A recent post looked at the challenge of surveying the public and identifying what mixture of taxes and fees they would be willing to pay to fund a widely desired infrastructure plan. In the Sydney Morning Herald‘s Independent Inquiry into public transport in Sydney, we did exactly that, using a survey team from the University of Technology at Sydney’s Centre for the Study of Choice. One commenter caught the crucial point about why polling is so difficult, and why its results are often hard to trust:
There’s always a difference between what people say they want, what they actually want and what they actually do.
Indeed there is. In the surveying biz, “what people say they want” is called stated preference. “What people actually do” is called revealed preference. Everyone prefers revealed preference data. We try to glean what we can from our current ridership data, for example. But revealed preference data is all about the past, and conditions are different in the future for which we’re planning. In fact, one common sign that a transit agency is conceptually stuck is when they think and talk only about their present riders, not new ones they intend to attract.
Infrastructure projects are all based on assumptions about how people will behave in the future. To talk about those, we can talk about revealed preference from other places. For example, we can quote ridership on one transit line as a reason to expect ridership on another.

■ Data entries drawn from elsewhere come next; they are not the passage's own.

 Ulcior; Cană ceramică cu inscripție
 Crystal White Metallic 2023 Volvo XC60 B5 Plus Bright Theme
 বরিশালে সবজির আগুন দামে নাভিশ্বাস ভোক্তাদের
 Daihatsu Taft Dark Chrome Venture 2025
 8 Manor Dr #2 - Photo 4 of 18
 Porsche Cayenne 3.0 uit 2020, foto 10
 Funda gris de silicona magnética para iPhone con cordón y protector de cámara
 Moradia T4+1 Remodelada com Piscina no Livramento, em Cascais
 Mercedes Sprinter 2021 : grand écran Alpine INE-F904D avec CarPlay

But for a city like Sydney, which cannot dream of the kinds of Federal funding that US cities are used to, the real question is what people will tolerate paying — in taxes, fees, fares, and road charges — to fund a system that they support. And for that, we have to ask them. We’re asking them about a hypothetical: “What would you be willing to pay if …?” We’re stuck with stated preference data, and most of it is worthless.
You’ve probably done stated preference surveys. In our business, they ask questions like “Would you ride transit more if …?” or “Would you support a tax increase of $x to fund this rail project?” Most people have no idea. The question may not accurately describe the factors that would really determine their actual response. They may not understand what the funding sources (tolls, fares, etc) would mean in their lives. So people guess. They make stuff up. They say what they think the surveyor wants to hear. They give different answers depending on the sequence in which the questions are asked. They generate mounds of meaningless data.
So we (or rather our survey experts at the University of Technology, Sydney) tried something a little more subtle, called a discrete choice experiment. It turns out that if you aggregate a lot of stated preferences from the same person, they can add up to something like a revealed preference.
We wanted to find a combination of funding sources that would attract majority support and be adequate to fund the investment program. Rather than just ask people single hypothetical questions, we asked each person about a whole series of scenarios, each with different combinations of funding sources. We compared a “high investment in public transport” scenario, which we already knew to be the most popular, with a “high investment in roads” scenario and a “low investment in both” scenario. Respondents went through about 10 of these. They were asked to identify which scenario they preferred, but each time the specific funding sources and levels were different. Here’s what just one of the questions looked like.
(Obviously, this has to be done on the web rather than over a phone. Our survey “panel” was 2400 people who are used to doing surveys on the web, but who are, in all other respects, strictly representative of the entire population in terms of age, gender, income, and all the other usual demographics.)
By asking a person to think about a range of different scenarios, the survey could observe the funding levels that were the end of each person’s tolerance. If one respondent tended to support the high-public-transport scenario except in cases where the fare increase required was more than $1, we could conclude that this repondent was saying, in effect “I support fare increases up to but not beyond $1 to fund the high-public-transport program.
The key idea of a discrete choice experiment is that instead of asking people what their highest tolerable rate would be, it observed them making the choice. Essentially, discrete choices experiments create an environment in which a stated preference can emerge as a revealed preference, something we see in a person’s choices but not something we need them to be able to explain.
The results were pretty cool. We did find a mix of funding sources that got bare majority support and were sufficient to fund the infrastructure program. We actually found a range of them, each supported by a slightly different majority group. I’ll talk more about them in another post.
Can’t you use modeling to find people’s revealed preferences? I’m not so sure about local transit, but with HSR, SNCF’s projections use calibrated values of price elasticity, travel time elasticity, value of time calculations, and induced demand expectations.
@Alon. Modeling extrapolates unknown future preferences from revealed preferences observed in the past. When we speculate about future patronage on a new high-speed rail line by citing the patronage of existing ones, we’re doing the same thing. Modeling is just a computerized aggregation of that same kind of speculation.
The elasticities that modeling uses are indeed based on revealed preference, but this does not reduce the fundamental uncertainties involved in guessing what people would do in the future based on what other people have done in the past.
It wasn’t clear to me from this point, but were you attempting some type of conjoint analysis here?
More interesting for me is whether the authorities are actually going to implement a programme based on the findings of your report?
I’ve worked a lot in ‘evidence based policy’, but in the UK at least a lot of it just seems to be “do what we want and worry about evidence later”, so I’m understandably a bit cynical.